I have planned to leave.  Many times.  In the worst of them, I’ve fantasized about slitting my wrists under the massive table in the board room during a staff meeting just to see if I could bleed out unnoticed before the meeting adjourned.  I assume I would just look like I was dozing off, as the interns are wont to do.  It should be noted before I go further, I suppose, that I am not in any way suicidal.  I don’t want to die;  I just want to be melodramatic.

Lately I don’t even bother with the theatrics though.  I no longer envision myself jumping out of my 15th story window or throwing my letter opener like the secret weapon of a white-collar ninja and stabbing whomever has most recently pissed me off through the heart.  I no longer make puppets out of my brown paper lunch bags, naming them with such clever monikers as “Betsy Quitsy” and rehearsing my resignation with them.  (I do still occasionally try to drum up the most audacious resignation letters possible, though.  Since I’ve read that one should always keep them as brief and to the point as possible, the current champion is as follows: “To whom it may concern: Peace out. XOXO.”)
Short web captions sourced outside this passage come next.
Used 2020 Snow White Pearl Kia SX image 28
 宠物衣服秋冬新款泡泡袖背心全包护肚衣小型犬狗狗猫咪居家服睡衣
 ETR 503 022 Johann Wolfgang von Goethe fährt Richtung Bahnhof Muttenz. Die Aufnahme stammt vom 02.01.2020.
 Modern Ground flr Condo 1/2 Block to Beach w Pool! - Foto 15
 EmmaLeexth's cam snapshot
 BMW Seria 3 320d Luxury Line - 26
Just today I considered that I might be well served to set aside what my boyfriend lovingly refers to as my “control freak need for instant closure” in order to meet the dual goals of (a) furthering social science, and (b) collecting more paychecks.  I’ve decided that were I to quit tomorrow, I would write the above on a Post-It and stick it to the docking station in the cubicle that Boss never inhabits, as he is above cubicles and spends his brief and infrequent visits to town camped out in a conference room, pre-scheduled meetings of the daily inhabitants of our floor be damned.  I would then pack up my personal effects, leave my laptop and Blackberry with a trusted (former) colleague, and go home, where I would fortnightly check my bank account to see how many more paychecks would be direct deposited to my account before Boss finally got hip to my absence and called HR.

Peer review being a critical component of any legitimate experiment, I’ve of course taken bets from my co-workers as to how many of these unearned checks I would receive.  The general consensus is 3-4, or 6-8 weeks, if you don’t feel like doing the math.  This seems reasonable, if perhaps a touch conservative.  I feel certain that if I kept the Blackberry and periodically replied to his sporadic and nonsensical emails, I could carry on this ruse for months on end.  Sadly, I’m too ethical to steal the phone.  And also, reading email in even the most cursory of fashions would defeat the purpose and skew the results, invalidating both the moral and scientific grounds of the exercise.

Since I am basically All Talk on this and most every topic, in actuality I will continue going to work five days a week for eight to ten hours a day, collecting my paycheck, amassing my sick days, and enjoying my dental insurance with twice-yearly cleanings.  For now.

I will also continue to schedule meetings with professors in each of several departments and schools locally which I am considering for my eventual re-entry to academia.  I will cancel work meetings to attend mid-day office hours without taking any time off and will feel positively decadent in so doing.  Because I do have senioritis, and I need to treat it with some action toward a new future.

Because I’m tired of being All Talk.